Data extracted from a collection
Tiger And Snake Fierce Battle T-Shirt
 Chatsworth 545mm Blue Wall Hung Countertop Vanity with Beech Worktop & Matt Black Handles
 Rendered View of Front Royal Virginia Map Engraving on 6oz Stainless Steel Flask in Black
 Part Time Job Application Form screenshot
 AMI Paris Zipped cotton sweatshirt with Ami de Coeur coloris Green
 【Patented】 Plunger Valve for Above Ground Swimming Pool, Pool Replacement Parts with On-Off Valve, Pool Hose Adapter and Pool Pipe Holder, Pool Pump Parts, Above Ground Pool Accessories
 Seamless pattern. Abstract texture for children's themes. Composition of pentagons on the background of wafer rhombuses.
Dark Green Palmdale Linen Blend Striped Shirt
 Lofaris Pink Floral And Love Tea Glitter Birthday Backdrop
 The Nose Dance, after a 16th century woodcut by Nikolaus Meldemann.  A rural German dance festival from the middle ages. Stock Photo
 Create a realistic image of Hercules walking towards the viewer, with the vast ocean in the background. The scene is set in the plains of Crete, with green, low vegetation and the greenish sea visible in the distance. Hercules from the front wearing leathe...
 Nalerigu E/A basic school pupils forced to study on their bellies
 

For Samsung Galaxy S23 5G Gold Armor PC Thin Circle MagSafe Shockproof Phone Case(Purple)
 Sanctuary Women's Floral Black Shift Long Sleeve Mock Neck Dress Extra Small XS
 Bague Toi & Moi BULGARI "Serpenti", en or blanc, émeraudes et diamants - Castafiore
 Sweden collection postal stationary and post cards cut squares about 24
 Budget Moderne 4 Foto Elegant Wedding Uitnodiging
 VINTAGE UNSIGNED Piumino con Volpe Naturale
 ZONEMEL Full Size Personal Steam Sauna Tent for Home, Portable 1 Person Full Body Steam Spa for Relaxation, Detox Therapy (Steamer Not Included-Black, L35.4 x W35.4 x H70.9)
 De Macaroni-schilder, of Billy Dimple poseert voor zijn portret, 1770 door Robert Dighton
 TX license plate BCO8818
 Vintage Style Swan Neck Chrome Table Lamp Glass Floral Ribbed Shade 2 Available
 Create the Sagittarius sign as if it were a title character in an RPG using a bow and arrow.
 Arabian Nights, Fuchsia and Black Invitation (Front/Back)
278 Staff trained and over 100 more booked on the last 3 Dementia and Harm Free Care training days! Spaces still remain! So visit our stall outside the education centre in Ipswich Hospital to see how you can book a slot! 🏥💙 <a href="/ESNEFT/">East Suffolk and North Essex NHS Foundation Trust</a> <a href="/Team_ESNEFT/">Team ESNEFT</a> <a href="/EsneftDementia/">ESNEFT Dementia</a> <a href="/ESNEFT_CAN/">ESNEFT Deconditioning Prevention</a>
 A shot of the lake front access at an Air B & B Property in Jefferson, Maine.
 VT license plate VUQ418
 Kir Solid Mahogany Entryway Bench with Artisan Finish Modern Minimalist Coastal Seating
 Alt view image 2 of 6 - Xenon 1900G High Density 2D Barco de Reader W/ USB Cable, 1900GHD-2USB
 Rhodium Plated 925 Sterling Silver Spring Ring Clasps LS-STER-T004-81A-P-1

- _Task brief_: Lines with the word "background" in them are the answer; report each one from the data.

- _Written response_:
 Seamless pattern. Abstract texture for children's themes. Composition of pentagons on the background of wafer rhombuses.
 Create a realistic image of Hercules walking towards the viewer, with the vast ocean in the background. The scene is set in the plains of Crete, with green, low vegetation and the greenish sea visible in the distance. Hercules from the front wearing leathe...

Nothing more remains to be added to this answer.